The Real Estate Board of New York to The New York City Department of Buildings on Proposed Rule Concerning Lighting and Submetering Upgrades

Daniel Avery

Director of Policy

October 25, 2023

Share This

REBNY appreciates this opportunity to comment on the Department of Building’s (DOB) proposed rule concerning lighting and submetering upgrades.

Local Law 88 and its successor laws, Local Laws 132 and 134, collectively require buildings over 25,000 square feet to upgrade lighting and install sub-meters in certain spaces. Specifically, the laws require lighting upgrades to meet the most recent New York City Energy Conservation Code in all common areas of residential buildings and all areas of non-residential buildings. These laws also require the installation of electric sub-meters in non-residential tenant spaces greater than 5,000 square feet.
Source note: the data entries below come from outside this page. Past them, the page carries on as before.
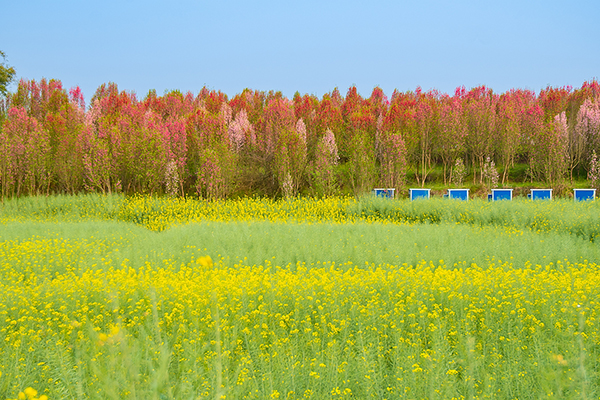 自贡富顺:农旅融合助发展 打造休闲娱乐后花园_fororder_2千秋村桃花园美景如画(摄影-廖志全)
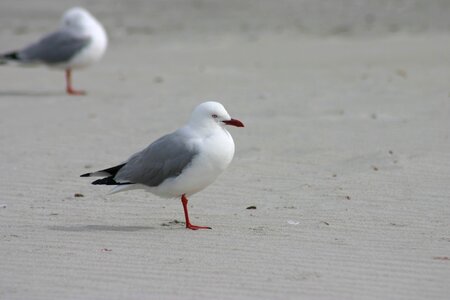 Sea seagulls beach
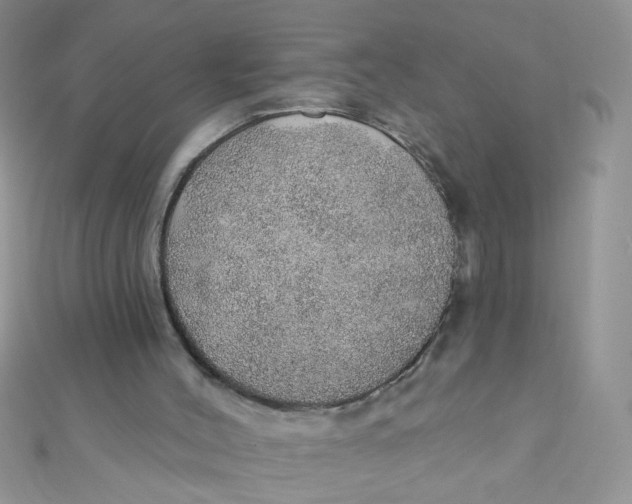 X0000112380004200909032002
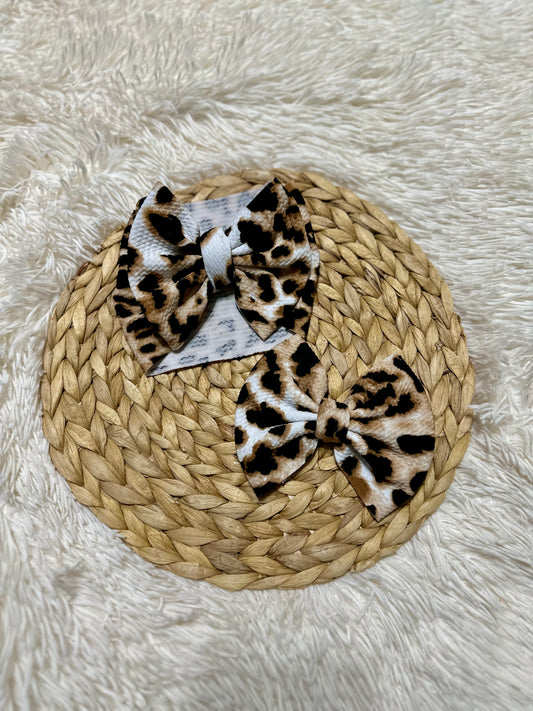 Neutral Cheetah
The DOB’s proposed rule details how to report compliance with lighting and sub-metering requirements and lays out various penalties for non-compliance.

Local Law 88 was passed in 2009, and the updates represented by LL 132 and 134 were passed in 2016. The legislation was premised on the idea that a relatively lengthy compliance period was warranted to provide time for leases to turnover, as turnover is the time when this work can be done most efficiently and cost-effectively. Nonetheless, we understand that there are instances where the required work has yet to be completed in spaces that have been consistently leased to a tenant who has yet to complete the required upgrades. This can happen even despite an owner’s best intentions as commercial leases generally place tenants in charge of their space.

In such a circumstance, the final rule should account for instances where building owners made good faith efforts to comply with these laws but could not do so due to factors such as space being consistently under the control of a tenant who has not made the required upgrades. In addition, the rule should allow owners to file showing compliance in this circumstance and should not fine owners for work that was not completed in tenant spaces in such a circumstance.

Thank you for considering this perspective.